Required action: Pictures do not belong in the copy, so please give every entry below again exactly.

**** Data for analysis

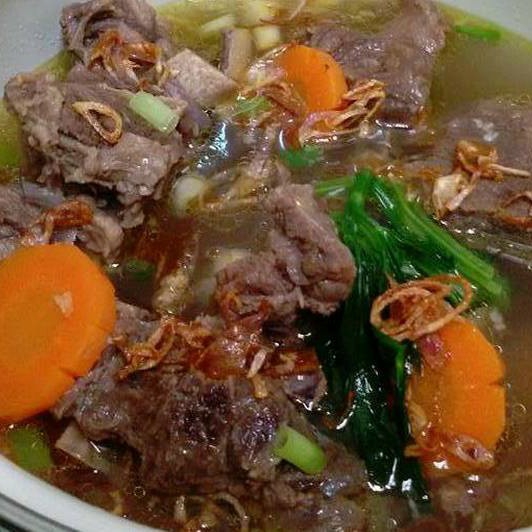 SOP IGA SAPI SATUAN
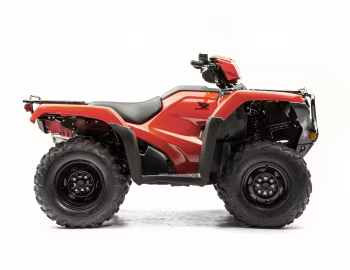 Honda FourTrax Foreman '2019–pr.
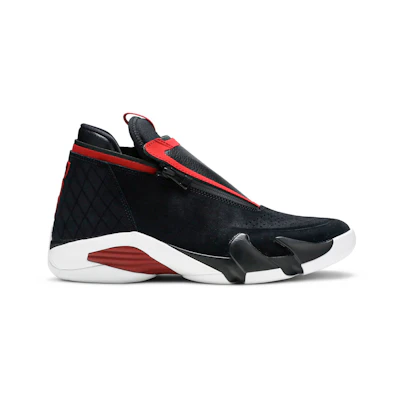 Jordan Jumpman Z 'Black'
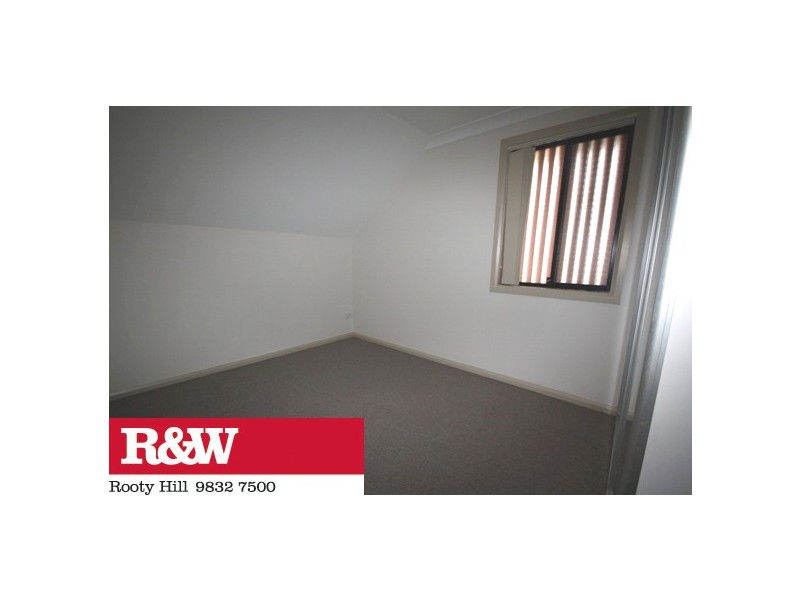 6/15  Braddon Street, Oxley Park NSW 2760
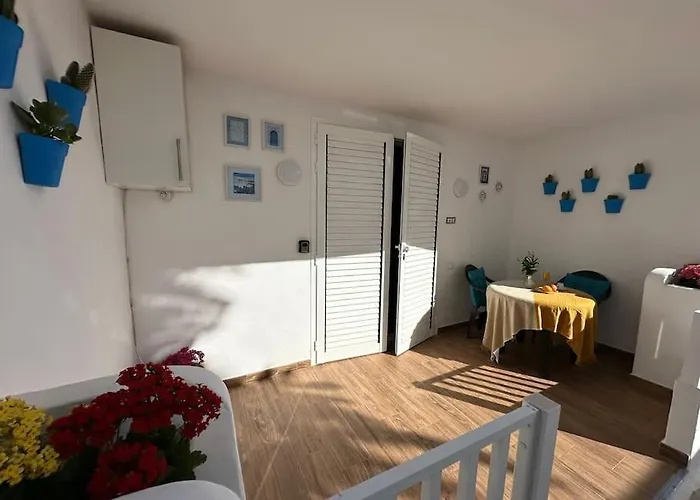 Rincon Del Sol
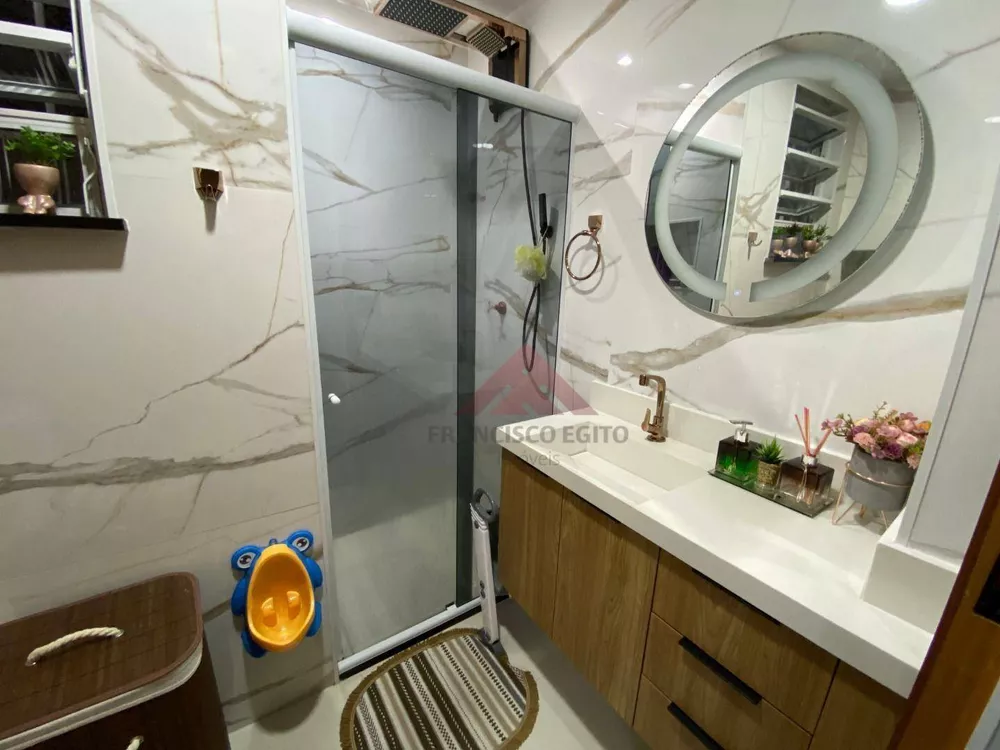 Apartamento, 2 quartos, 60 m² - Foto 16
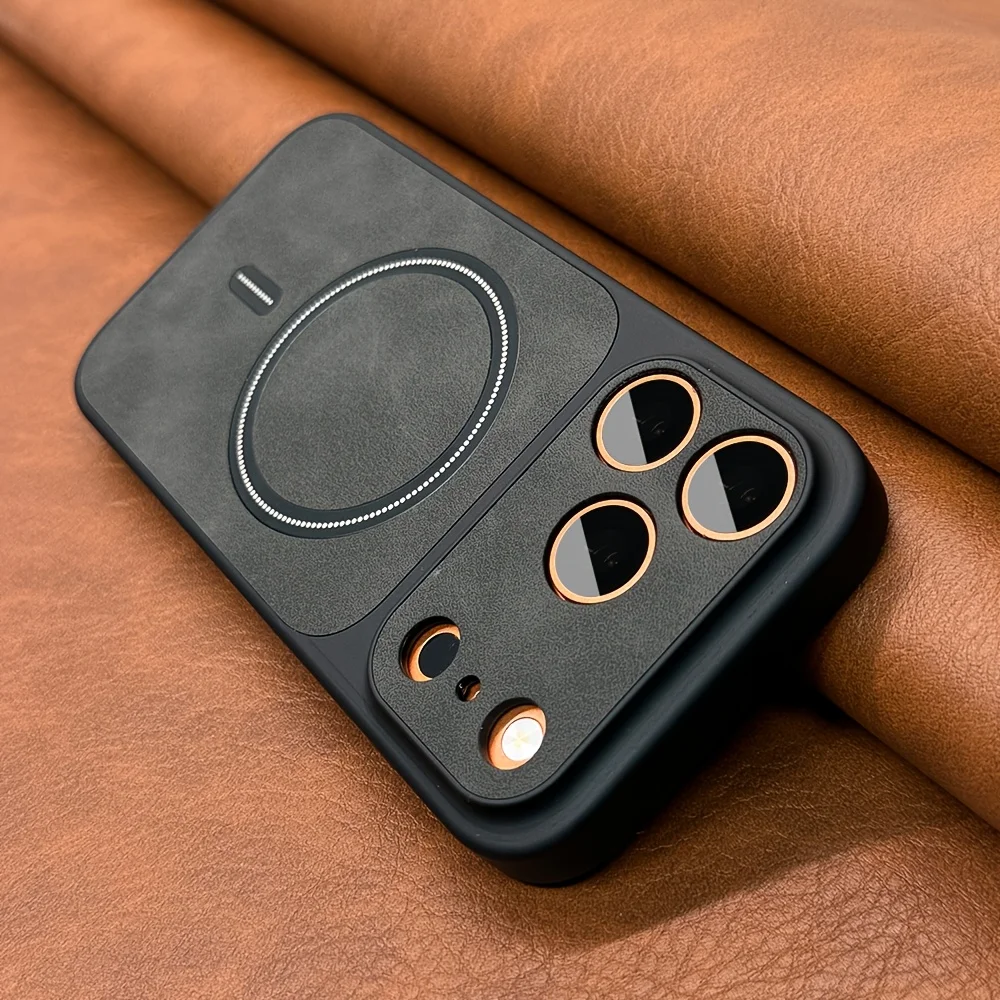 Luksusowe etui na iPhone 13-17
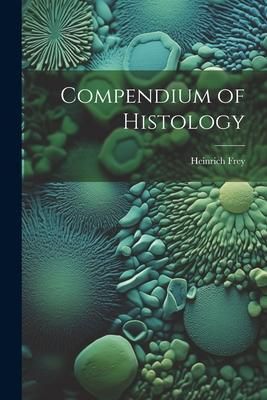Produktbild: Compendium of Histology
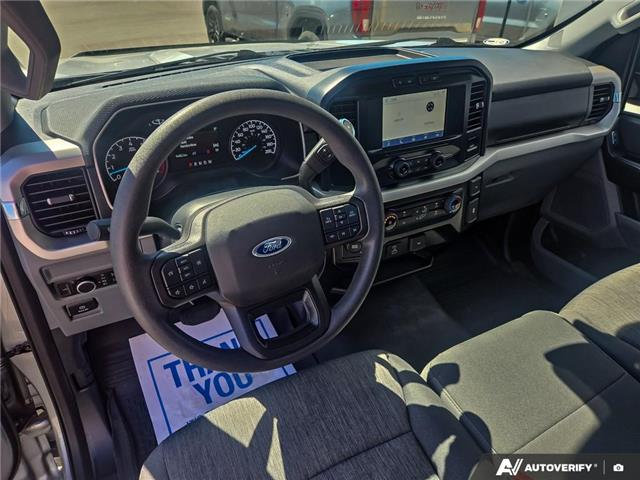 2021 Ford F-150 XL (Stk: 8788-26A) in Sault Ste. Marie - Image 13 of 23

********

Output of the task:
 SOP IGA SAPI SATUAN
 Honda FourTrax Foreman '2019–pr.
 Jordan Jumpman Z 'Black'
 6/15  Braddon Street, Oxley Park NSW 2760
 Rincon Del Sol
 Apartamento, 2 quartos, 60 m² - Foto 16
 Luksusowe etui na iPhone 13-17
Produktbild: Compendium of Histology
 2021 Ford F-150 XL (Stk: 8788-26A) in Sault Ste. Marie - Image 13 of 23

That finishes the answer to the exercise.